2nd February, 2015
The All Progressives Congress Presidential Campaign Organisation (APCPCO) on Sunday accused President Goodluck Jonathan of massive corruption in Nigeria’s agricultural sector, thereby, puncturing claims by the President and his administration that he reduced corruption in the sector drastically.
In a statement issued by Mallam Garba Shehu, the spokesman of APCPCO, it said: “President Jonathan has failed woefully in the agricultural sector, and all the self-praise of the administration on agriculture is simply a ruse”.
The statement noted all the promises President Jonathan made in 2010 about making Nigeria self-sufficient in rice and wheat production by 2015 has failed. “The grim reality on the ground today is that Nigeria emerged as the world’s highest importer of rice in 2015, and a whopping $11 billion is spent annually by Nigeria to import rice, wheat, sugar and fish.”
According to the statement, former acting Governor of the Central Bank of Nigeria, Dr. Sarah Alade, said Nigeria as at 2014 spends $4 billion on rice importation – that is about N600 billion annually on the importation of 2.1 million metric tonnes of milled rice.
“This is after the Federal Government had approached the China Exim Bank for a loan of $1.2 billion for the financing of 100 large-scale rice processing plants with a total capacity of 2.1 million metric tonnes.
“The troubling truth today is that Nigeria is nothing close to self-sufficiency in rice production and what we have at hand is a close web of corruption where government cronies stumble over each other to get import licences for rice.
“According to the Minister of Agriculture and Rural Development, Dr. Akinwunmi Adesina, Nigeria’s wheat consumption as at year 2000 was about two million metric tonnes. But, by 2010, wheat importation to the country had risen to four million metric tonnes and Nigeria spends N635 billion annually on wheat importation.
“Five years into the Jonathan administration, Nigeria spends even more than we did in 2010 to import wheat; yet the government continues to brandish false achievements in the agricultural sector – a situation that is completely at variance with what President Jonathan promised Nigerians in 2010, saying that his government would make Nigeria save N635 billion annually on rice and wheat importation.”
The statement also punctured the federal government’s claims that local farmers now have unhindered access to fertiliser through the Growth Enhancement Scheme. “It is excessively labourious and technically difficult for the farmers to work through” are two bags of fertilizer throughout the entire farming season, “and government has not come out in one instance to tell Nigerians how much it receives as grants on fertiliser distribution to farmers from donor agencies.

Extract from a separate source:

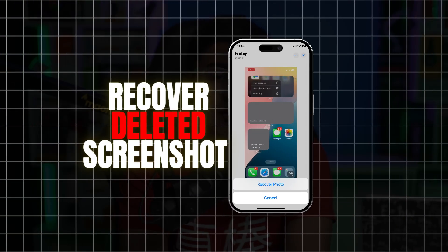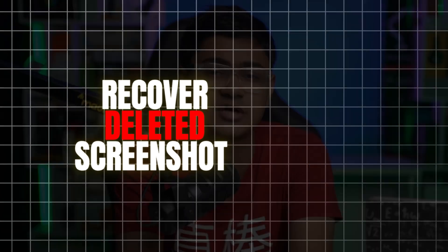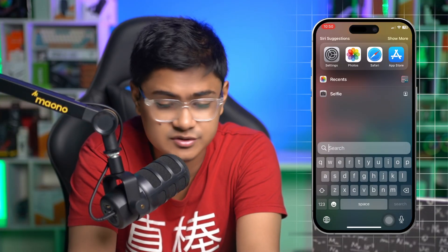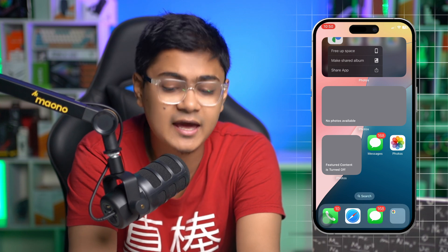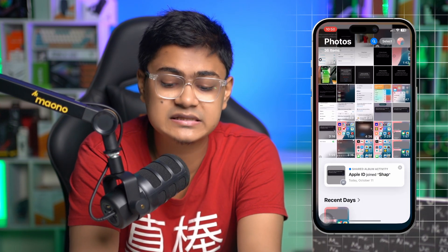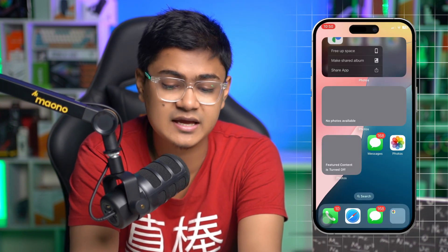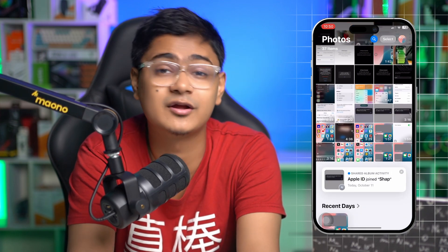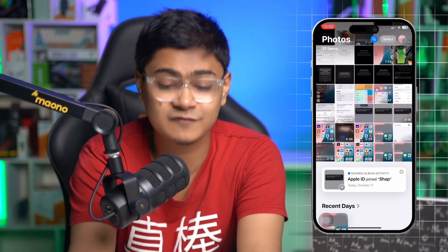Welcome back everyone. Today let's take a look at how you can recover a deleted screenshot on iPhone. Let's say you've just taken a screenshot on your iPhone and you mistakenly deleted it, and now you're looking for a way to recover it.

“The government will want to give us the impression that fertiliser is being given to farmers free of charge. But we know that what subsists is a 50 per cent subsidy per bag of fertiliser. Our farmers are being shortchanged under this so-called e-wallet arrangement because of lack of transparency.
“We may be looking at another subsidy scam over fertilizer unless the Jonathan administration comes out clean to tell us how much it has received as grants over fertiliser and how it comes about the 50 per cent subsidy per bag of fertilizer.”
The statement further dismissed Jonathan’s claims of achievement in the agric sector, noting that, “throughout the periods preceding the Jonathan’s administration, the contribution of agriculture to the Gross Domestic Product (GDP) was at 7 per cent, while under the so-called transformation agenda of President Jonathan, agriculture’s contribution to the GDP has been consistent at 5 per cent – an all time low.
“In any case, food commodities are items Nigerians buy on a daily basis. If the Jonathan administration was sincere with the statistics it reels out on agriculture, why would the government buy pages of newspaper advertorials and TV commercials to force bitter falsehood of its achievements down the throats of Nigerians? The Jonathan administration has failed woefully in its agricultural policies and the facts are self-evident out there at those food stalls in our markets.
“In 2015, Nigerians know they spend far more to buy food than they did in 2010. That reality, in itself, is President Jonathan’s scorecard in agriculture,” the statement read.